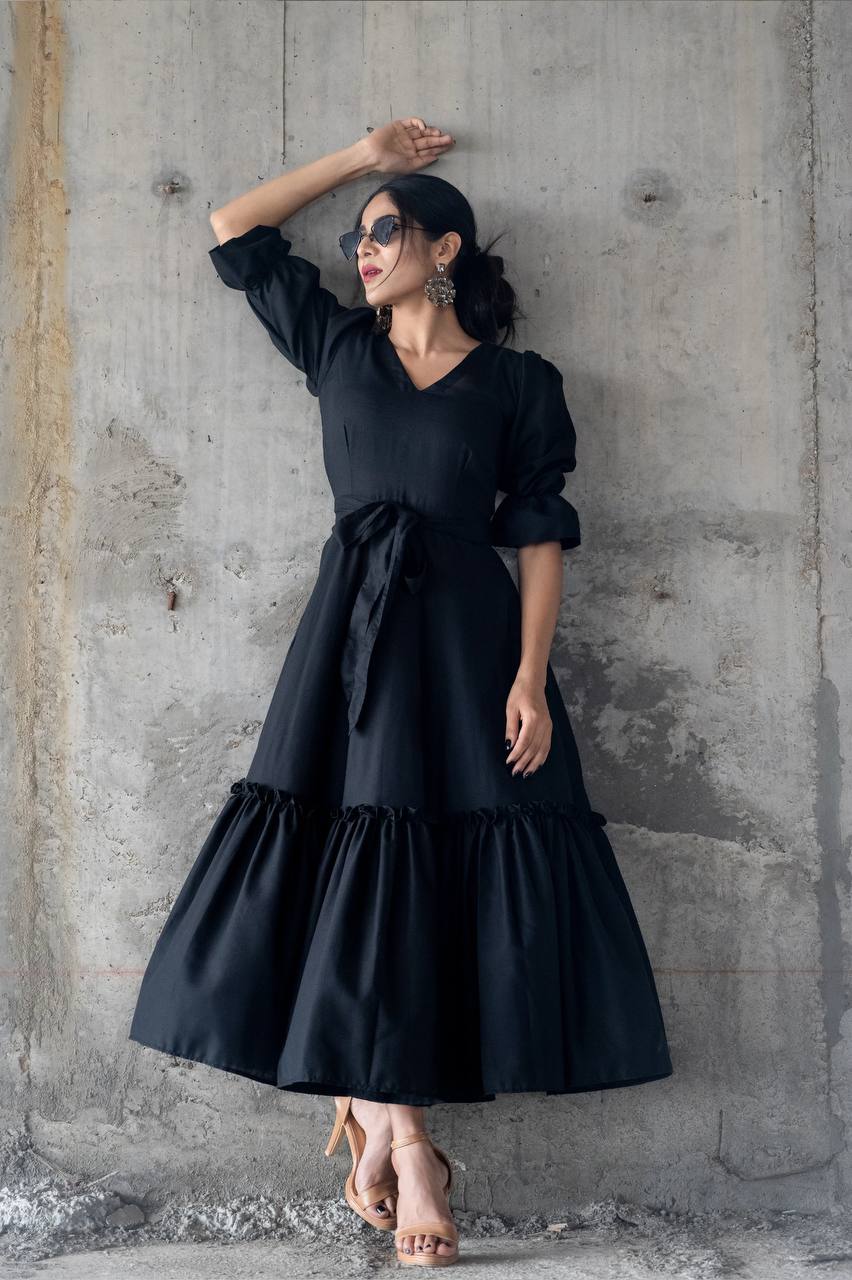 Trendi Black colour Designr Kurta Set Buy Online - Joshindia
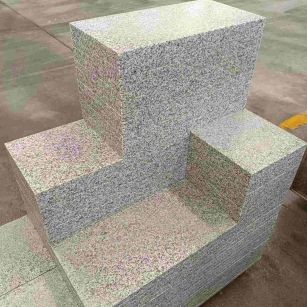 中山 白麻花岗岩荔枝面地铺石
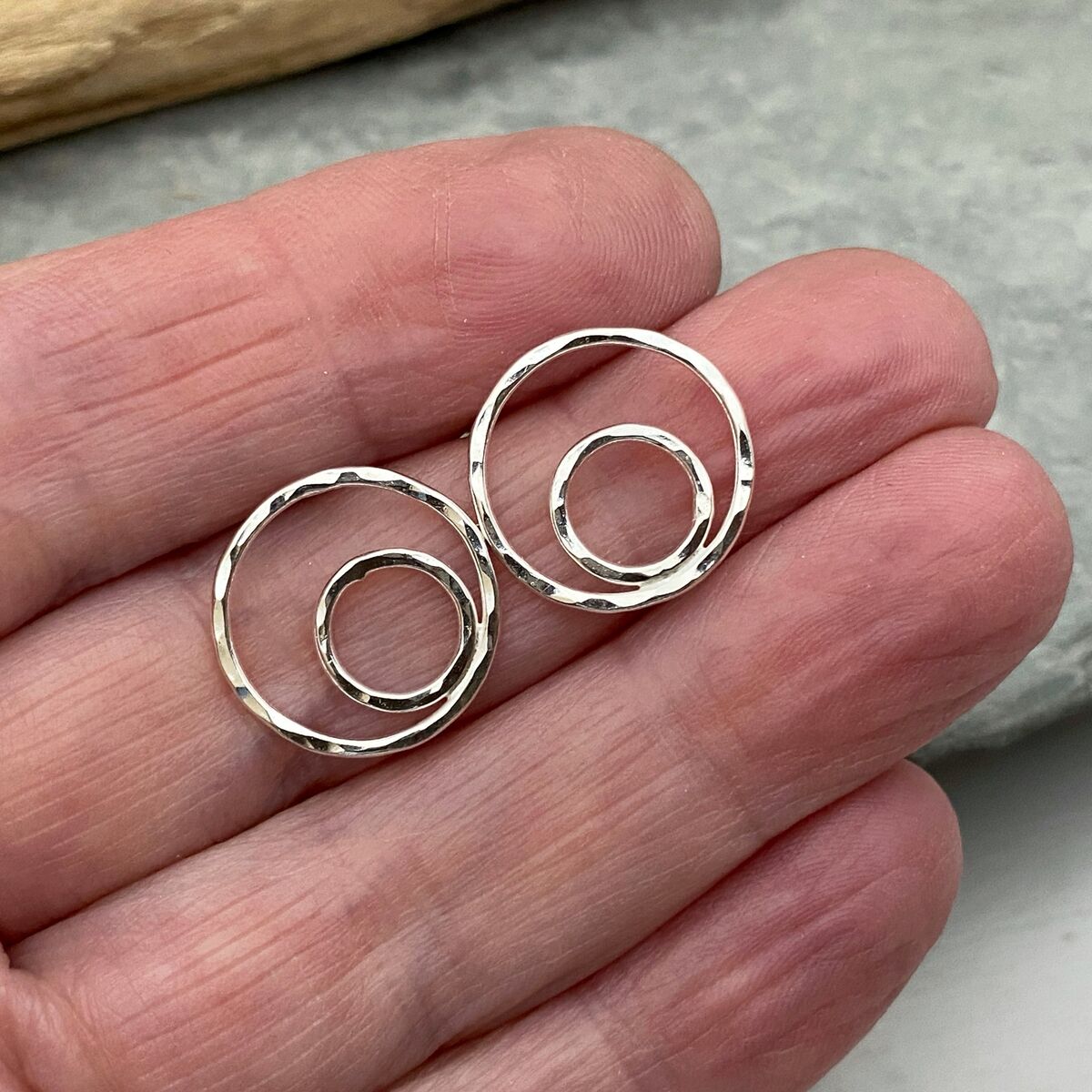 Eccentric circles silver stud earrings 4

= YOUR GOAL =
The whole listing above, line by line, needs to be copied exactly, except for any images.

= SOLUTION BELOW =
 Trendi Black colour Designr Kurta Set Buy Online - Joshindia
 中山 白麻花岗岩荔枝面地铺石
 Eccentric circles silver stud earrings 4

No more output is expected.